澁澤龍彦が、かつて傍系シュルレアリストとして位置づけたフランスの画家、写真家ピエール・モリニエは、アンドレ・ブルトンによって光をあてられた1950年代後半から拳銃自殺を遂げる1976年まで、世界的にもごく一部の好事家たちの関心しかひきませんでした。ボルドーの小さなアトリエに引きこもり、エロティシズムとナルシシズムを剥き出しにしたそのあまりに破天荒で非常識な個性と作品ゆえ、一度たりとも大衆的な認知と人気を手にしたことのないアーティストでした。それにもかかわらず、モリニエに関する研究や著作、カタログ等が各国から今日にいたるまで頻繁に発表され続けているという事実は、芸術活動の根源的な衝動に真に向かいあい、性の多形倒錯的なパフォーマンスの先駆的実践者としてのモリニエ評価がようやく定着してきたからに他なりません(近年フェミニズム研究のアプローチもあるようです)。モリニエは絵画制作の体力が衰えた晩年の十数年を写真家として活動。この時精力的に産み出したフォトモンタージュ作品が没後『シャーマンとその創造物たち』(1995)として刊行され、世界中でピエール・モリニエという特異なアーティストの存在が知られるようになりました。
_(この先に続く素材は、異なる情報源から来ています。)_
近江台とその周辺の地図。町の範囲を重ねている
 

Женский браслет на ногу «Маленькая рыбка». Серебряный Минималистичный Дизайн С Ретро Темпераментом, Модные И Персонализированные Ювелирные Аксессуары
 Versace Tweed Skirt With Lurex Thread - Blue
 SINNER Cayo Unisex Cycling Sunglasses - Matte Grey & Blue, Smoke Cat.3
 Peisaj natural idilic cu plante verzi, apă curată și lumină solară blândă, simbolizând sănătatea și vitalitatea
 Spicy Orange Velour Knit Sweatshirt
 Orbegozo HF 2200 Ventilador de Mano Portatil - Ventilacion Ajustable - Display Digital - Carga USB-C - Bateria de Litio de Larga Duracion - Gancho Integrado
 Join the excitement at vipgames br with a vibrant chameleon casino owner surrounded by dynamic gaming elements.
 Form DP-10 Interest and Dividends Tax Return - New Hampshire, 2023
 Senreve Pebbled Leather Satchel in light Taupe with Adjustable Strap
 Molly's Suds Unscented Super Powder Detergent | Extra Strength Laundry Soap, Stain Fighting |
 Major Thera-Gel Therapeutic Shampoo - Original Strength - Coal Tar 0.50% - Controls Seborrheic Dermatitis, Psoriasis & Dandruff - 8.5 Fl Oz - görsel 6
日本では、澁澤責任編集による「血と薔薇 第3号」(1969)での特集や生田耕作によるアンソロジー冊子による紹介とあいまって早い時期からモリニエに対する関心が高まり、作品コレクターもあらわれ、小展覧会がたびたび開催され、またその芸術的影響を受け止めた国内作家たち—四谷シモン、金子國義、森村泰昌らを挙げることができるのではないでしょうか—も多数存在しています。

流通した作品が多く比較的制作しやすいフォトモンタージュにくらべ、モリニエの人生の大半を費やした画業は、ブルトンの序文を冠したフランスのジャン-ジャック・ポウ゛ェール版(絶版)を除くと、本書の底本となっているスイスのベルナール・レチュ版(絶版)くらいしか見当らず、その意味でも本書は世界でも大変貴重な作品集となっています。今回、日本語版復刻にあたり、装丁を一新、ページ数も増やしました。巌谷國士氏の解説とともにあらたに関連人物紹介やフォトモンタージュ作品を参考資料として付すことによって、ピエール・モリニエの入門書としても役立つよう改訂しています。